**STORED DATA**
--- --- ---
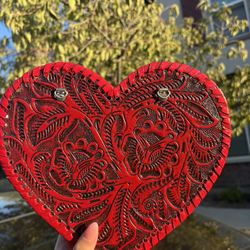 Leather Purse / Hand embroidered 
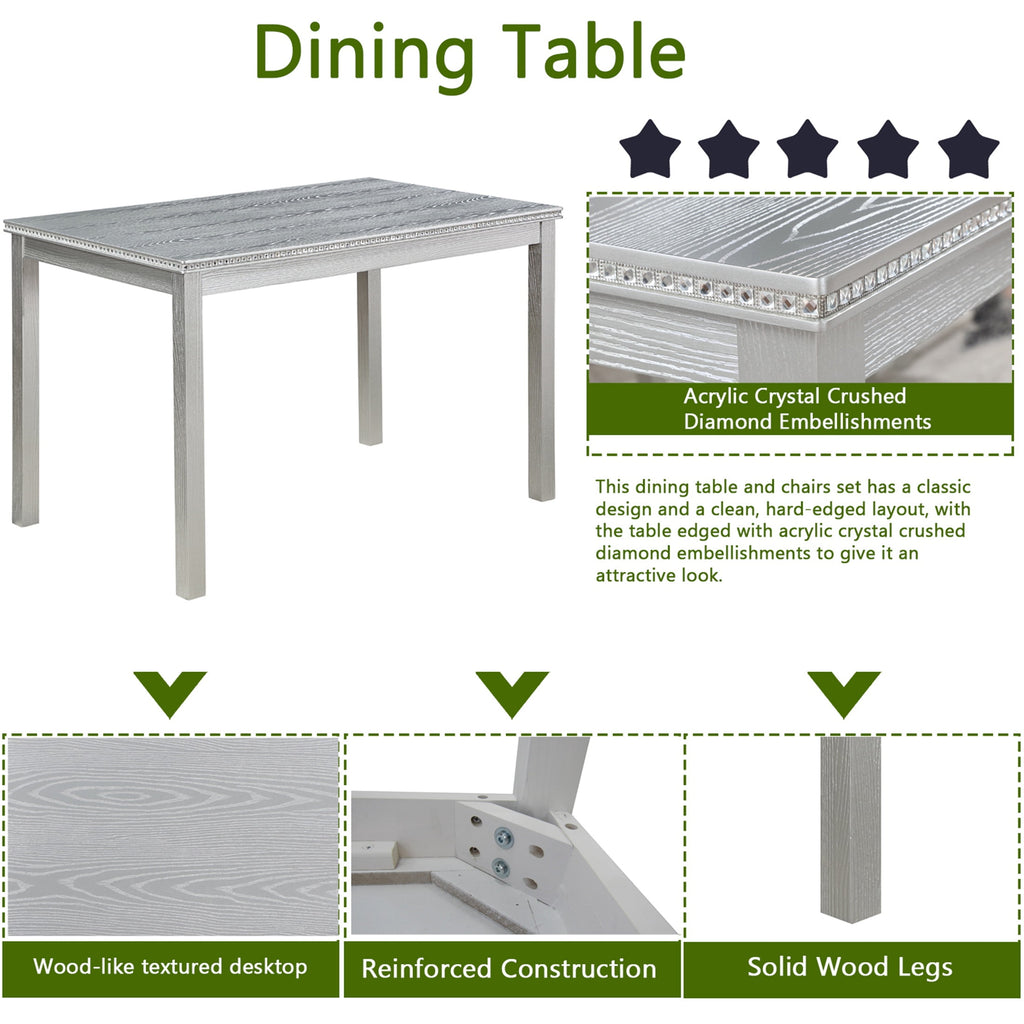 UHOMEPRO 5 Piece Dining Table Set, Modern Dining Table Sets with Rectangular Table and 4 Fabric Upholstered Chairs, Dining Set for Kitchen and Dining Room, White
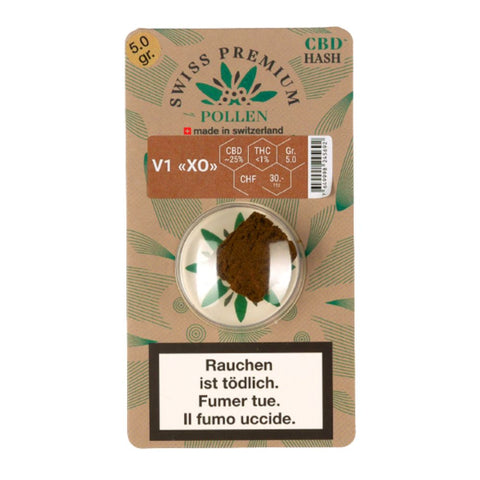 Swiss Premium Pollen V1 XO 5g CBD hash package showcasing rich texture and aromatic qualities.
--- --- ---
**YOUR INSTRUCTIONS**
Copy the lines above exactly. Do not include pictures.

**TASK ANSWER**
 Leather Purse / Hand embroidered 
 UHOMEPRO 5 Piece Dining Table Set, Modern Dining Table Sets with Rectangular Table and 4 Fabric Upholstered Chairs, Dining Set for Kitchen and Dining Room, White
 Swiss Premium Pollen V1 XO 5g CBD hash package showcasing rich texture and aromatic qualities.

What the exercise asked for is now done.